Applying Concepts to Dice Rolling

• Identifying events like prime number outcomes helps construct a suitable sigma-algebra for assigning probabilities.

• Probability values are assigned based on fair die assumptions within constructed sigma-algebras.

Probability and Conditional Probability

In this section, the concept of probability and conditional probability is discussed, along with the application of conditional probability formula and Bayes' theorem.

Understanding Probability

• The discussion starts by explaining that in a fair coin toss scenario, each elementary outcome has an equal probability of occurrence, which is 1/4.

Conditional Probability Formula

• Introduces the conditional probability formula: P(A|B) = P(A ∩ B) / P(B), where events A and B are considered.

Application of Conditional Probability

• Explores the probability of both coin tosses resulting in heads given that at least one resulted in heads. The calculation involves applying the conditional probability formula to determine the outcome.

Bayes' Theorem

This section delves into Bayes' theorem or Bayes' rule, highlighting its significance in computing conditional probabilities from inverse conditional probabilities.

Bayes' Rule Explanation

• Discusses rearranging the equation for conditional probability to derive Bayes' rule: P(A|B) = P(B|A) * P(A) / P(B).

Importance of Bayes' Rule

• Emphasizes that Bayes' rule allows for calculating the probability of event A given event B using information about event B given A along with probabilities of events A and B.

Application of Bayes' Theorem

This part illustrates a problem where Bayes' rule is applicable, showcasing how it aids in determining probabilities based on known information.

Problem Scenario

• Presents a scenario involving multiple-choice questions where students either know answers or guess them based on certain probabilities.

Applying Bayes' Rule

• Demonstrates how to use Bayes’ rule to calculate the probability that a student knew an answer given they answered correctly. The process involves considering different probabilities related to knowing or guessing answers.

Independence and Conditional Independence

Explores concepts of independence and conditional independence among events, shedding light on their definitions and implications.

Independence Definition

• Defines independent events as those where the intersection's probability equals the product of individual probabilities, emphasizing mutual exclusivity.

Conditional Independence Explanation

Madras Admission Probability Analysis

The discussion analyzes the admission probabilities at IIT Madras based on candidates' GATE scores and their admission status at IIT Bombay.
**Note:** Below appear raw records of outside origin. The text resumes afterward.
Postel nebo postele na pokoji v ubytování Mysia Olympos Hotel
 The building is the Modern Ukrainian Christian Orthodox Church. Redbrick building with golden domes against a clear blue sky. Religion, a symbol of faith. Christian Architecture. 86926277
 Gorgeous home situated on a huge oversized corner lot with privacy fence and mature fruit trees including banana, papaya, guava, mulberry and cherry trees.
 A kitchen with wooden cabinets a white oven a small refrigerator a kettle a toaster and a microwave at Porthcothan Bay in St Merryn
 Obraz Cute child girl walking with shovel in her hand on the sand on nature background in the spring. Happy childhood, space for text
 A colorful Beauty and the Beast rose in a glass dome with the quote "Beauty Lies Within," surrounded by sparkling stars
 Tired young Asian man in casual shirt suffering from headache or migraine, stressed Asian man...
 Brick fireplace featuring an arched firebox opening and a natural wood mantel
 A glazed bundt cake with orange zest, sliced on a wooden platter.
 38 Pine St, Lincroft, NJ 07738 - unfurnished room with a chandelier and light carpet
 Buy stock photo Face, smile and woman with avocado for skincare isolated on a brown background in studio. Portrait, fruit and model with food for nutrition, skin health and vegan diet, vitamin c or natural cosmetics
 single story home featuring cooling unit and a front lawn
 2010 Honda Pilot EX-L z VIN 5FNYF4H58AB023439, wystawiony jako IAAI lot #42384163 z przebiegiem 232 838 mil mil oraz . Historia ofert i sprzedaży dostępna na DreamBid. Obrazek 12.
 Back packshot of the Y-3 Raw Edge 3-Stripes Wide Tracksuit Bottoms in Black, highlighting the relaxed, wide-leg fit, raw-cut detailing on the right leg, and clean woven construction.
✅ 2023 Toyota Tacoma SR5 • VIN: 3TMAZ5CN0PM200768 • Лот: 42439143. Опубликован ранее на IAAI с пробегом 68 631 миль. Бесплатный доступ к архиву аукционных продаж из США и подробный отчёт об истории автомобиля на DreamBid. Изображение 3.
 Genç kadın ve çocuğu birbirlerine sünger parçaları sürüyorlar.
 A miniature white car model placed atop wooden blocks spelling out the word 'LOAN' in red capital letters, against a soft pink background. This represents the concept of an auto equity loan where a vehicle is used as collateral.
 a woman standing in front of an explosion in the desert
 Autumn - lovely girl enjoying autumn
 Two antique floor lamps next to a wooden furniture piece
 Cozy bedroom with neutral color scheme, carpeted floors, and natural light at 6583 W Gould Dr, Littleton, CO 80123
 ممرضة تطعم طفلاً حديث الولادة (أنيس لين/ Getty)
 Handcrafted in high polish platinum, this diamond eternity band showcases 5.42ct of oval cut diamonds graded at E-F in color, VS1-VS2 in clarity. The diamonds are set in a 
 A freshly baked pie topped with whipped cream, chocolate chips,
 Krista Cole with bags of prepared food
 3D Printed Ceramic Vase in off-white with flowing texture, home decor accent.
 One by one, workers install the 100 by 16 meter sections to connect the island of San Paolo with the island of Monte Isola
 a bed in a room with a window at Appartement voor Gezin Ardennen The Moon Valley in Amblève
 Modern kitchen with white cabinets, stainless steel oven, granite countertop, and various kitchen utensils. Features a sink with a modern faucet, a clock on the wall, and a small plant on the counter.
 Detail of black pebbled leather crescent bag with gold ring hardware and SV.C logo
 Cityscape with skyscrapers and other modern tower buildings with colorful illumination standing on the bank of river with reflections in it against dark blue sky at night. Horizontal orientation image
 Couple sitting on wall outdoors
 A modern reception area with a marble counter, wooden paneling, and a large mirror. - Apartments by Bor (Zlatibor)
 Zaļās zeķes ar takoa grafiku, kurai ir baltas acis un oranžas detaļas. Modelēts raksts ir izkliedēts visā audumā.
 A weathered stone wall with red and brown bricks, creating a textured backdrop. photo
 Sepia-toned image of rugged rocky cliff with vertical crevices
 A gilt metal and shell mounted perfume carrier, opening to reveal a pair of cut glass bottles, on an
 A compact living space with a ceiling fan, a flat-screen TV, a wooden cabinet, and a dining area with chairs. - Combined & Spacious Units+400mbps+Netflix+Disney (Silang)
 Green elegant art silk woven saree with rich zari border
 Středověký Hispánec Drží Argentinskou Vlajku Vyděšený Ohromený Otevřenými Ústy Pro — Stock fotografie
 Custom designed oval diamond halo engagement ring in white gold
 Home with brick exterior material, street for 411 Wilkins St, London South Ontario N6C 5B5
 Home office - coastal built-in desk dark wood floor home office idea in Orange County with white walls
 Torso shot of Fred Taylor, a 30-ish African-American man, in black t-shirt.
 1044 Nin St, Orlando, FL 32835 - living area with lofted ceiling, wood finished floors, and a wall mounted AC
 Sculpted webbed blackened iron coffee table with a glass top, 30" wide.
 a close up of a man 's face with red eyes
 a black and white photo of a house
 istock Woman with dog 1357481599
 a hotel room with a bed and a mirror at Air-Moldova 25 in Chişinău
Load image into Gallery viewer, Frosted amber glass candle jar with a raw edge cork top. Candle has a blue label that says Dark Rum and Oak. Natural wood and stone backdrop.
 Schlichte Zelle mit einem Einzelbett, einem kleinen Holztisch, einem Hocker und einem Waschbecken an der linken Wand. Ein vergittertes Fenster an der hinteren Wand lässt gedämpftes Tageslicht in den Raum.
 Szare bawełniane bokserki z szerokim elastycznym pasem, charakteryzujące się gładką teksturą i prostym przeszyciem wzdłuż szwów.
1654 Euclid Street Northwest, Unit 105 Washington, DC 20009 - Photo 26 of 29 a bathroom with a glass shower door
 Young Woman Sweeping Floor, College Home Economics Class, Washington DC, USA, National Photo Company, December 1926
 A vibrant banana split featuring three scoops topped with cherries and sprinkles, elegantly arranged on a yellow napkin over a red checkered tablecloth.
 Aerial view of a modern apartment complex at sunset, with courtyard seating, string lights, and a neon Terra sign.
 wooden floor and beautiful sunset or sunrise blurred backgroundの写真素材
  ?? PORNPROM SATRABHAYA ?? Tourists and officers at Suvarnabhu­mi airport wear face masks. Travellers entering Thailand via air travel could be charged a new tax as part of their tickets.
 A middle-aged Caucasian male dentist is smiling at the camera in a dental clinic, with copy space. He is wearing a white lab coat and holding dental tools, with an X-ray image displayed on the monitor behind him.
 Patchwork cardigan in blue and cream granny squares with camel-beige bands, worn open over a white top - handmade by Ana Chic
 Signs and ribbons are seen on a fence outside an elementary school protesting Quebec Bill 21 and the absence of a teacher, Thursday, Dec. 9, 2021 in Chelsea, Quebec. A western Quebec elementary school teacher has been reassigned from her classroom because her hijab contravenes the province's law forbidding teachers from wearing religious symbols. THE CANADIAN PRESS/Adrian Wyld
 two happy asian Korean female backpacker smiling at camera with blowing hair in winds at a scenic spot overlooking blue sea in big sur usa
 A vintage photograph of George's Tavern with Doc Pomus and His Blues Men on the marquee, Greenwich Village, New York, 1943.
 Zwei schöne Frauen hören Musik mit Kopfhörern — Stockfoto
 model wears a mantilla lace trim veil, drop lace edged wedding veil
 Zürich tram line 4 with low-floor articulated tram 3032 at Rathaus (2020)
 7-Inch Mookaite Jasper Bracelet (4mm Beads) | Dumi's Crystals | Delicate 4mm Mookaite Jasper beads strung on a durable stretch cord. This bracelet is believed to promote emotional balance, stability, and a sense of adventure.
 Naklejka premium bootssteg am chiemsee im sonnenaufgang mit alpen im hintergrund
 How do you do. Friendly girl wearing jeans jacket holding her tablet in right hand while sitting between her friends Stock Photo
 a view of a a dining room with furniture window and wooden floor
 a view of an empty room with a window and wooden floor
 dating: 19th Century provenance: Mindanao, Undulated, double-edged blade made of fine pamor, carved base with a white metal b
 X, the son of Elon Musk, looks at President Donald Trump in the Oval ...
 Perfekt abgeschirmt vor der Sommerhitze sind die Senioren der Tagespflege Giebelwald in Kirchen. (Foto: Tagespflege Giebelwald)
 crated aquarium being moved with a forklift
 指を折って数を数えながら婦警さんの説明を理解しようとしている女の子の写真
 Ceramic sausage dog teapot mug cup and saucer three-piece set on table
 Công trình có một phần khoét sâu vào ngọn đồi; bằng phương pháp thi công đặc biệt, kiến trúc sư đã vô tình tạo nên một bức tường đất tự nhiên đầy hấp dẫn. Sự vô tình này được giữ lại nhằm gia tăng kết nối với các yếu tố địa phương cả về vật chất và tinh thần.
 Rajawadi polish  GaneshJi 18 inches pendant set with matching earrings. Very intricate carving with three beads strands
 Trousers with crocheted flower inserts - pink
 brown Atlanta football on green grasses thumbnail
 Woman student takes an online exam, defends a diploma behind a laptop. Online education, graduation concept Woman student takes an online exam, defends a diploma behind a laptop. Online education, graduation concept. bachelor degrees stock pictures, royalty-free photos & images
Admission Probability Comparison

• Admission into IIT Bombay is solely based on the candidate's GATE score.

• The probability of admission into IIT Madras, given knowledge of the candidate's admission status in IIT Bombay and their GATE score, equals the probability calculated solely based on the GATE score.

• Knowing a candidate's admission status in IIT Bombay does not provide additional information for predicting admission into IIT Madras.